In a finding vital to effective species management, a team including City College of New York (CCNY) biologists has determined that the lined seahorse (Hippocampus erectus) is more a permanent resident of the western mid-Atlantic Ocean than a vagrant. The fish is commonly found in three western Atlantic zoogeographic provinces, although inhabitants of the temperate northern Virginia Province are often considered tropical vagrants that arrive during warm seasons from the southern provinces and perish as temperatures decline. Researchers including Ph.D. student J.T. Boehm and Dr.

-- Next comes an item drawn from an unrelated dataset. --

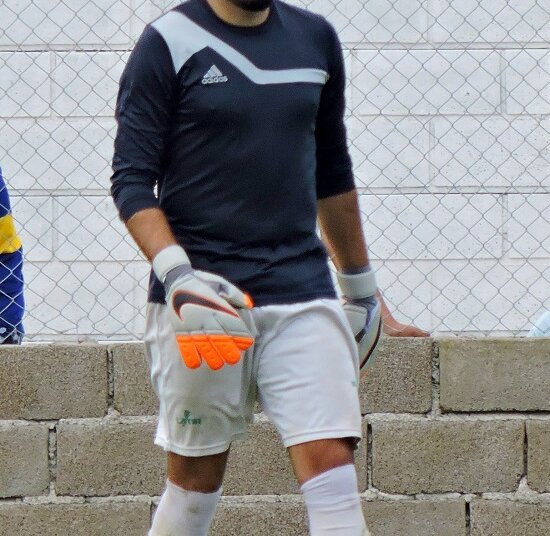 Cambio de horario: En Barker la jornada de fútbol comienza a las 10 hs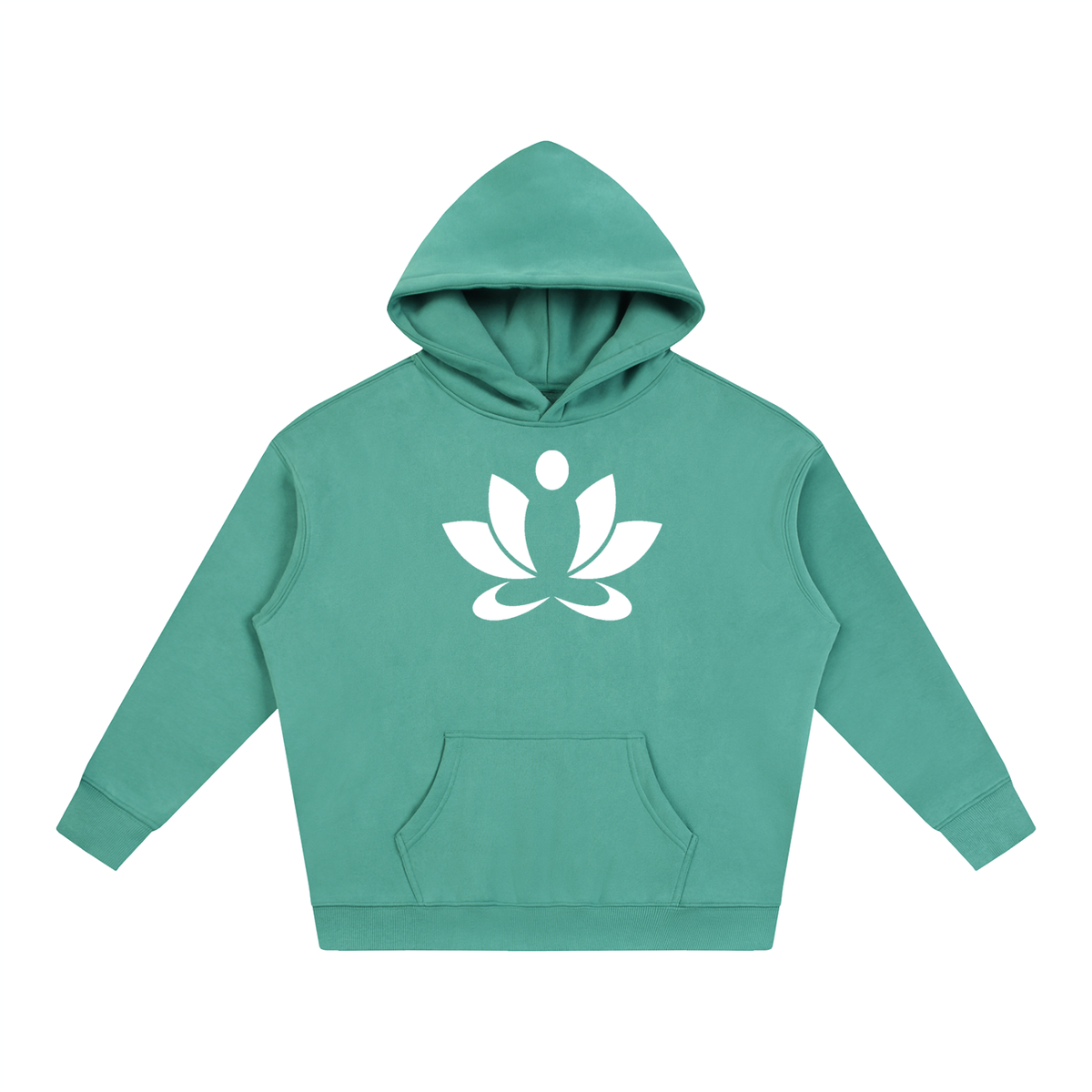 Women's Oversize Fleeced Hoodie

Michael Hickerson of CCNY decided to test the alternative hypotheses of historical persistence versus the ephemerality of a northern Virginia Province population. They used a dataset consisting of 11,708 randomly sampled spots from the genomes of individuals collected from the eastern Gulf of Mexico to Long Island, New York. "Concordant results from genomic analyses all infer three genetically divergent subpopulations, and strongly support Virginia Province inhabitants as a genetically diverged and a historically persistent ancestral gene pool," said Mr. Boehm. The results suggested that individuals that emerge in coastal areas during the warm season can be considered "local" and support offshore migration during the colder months. "This research demonstrates how a large number of genes sampled across a geographical range can capture the diversity of coalescent histories (across loci) while inferring population history," said Dr. Hickerson. "Moreover, these results clearly demonstrate the utility of population genomic data to infer peripheral subpopulation persistence in difficult-to-observe species." The study was published online on January 28, 2015 in an article in the open-access journal PLOS ONE. The image shows a lined seahorse (Hippocampus erectus).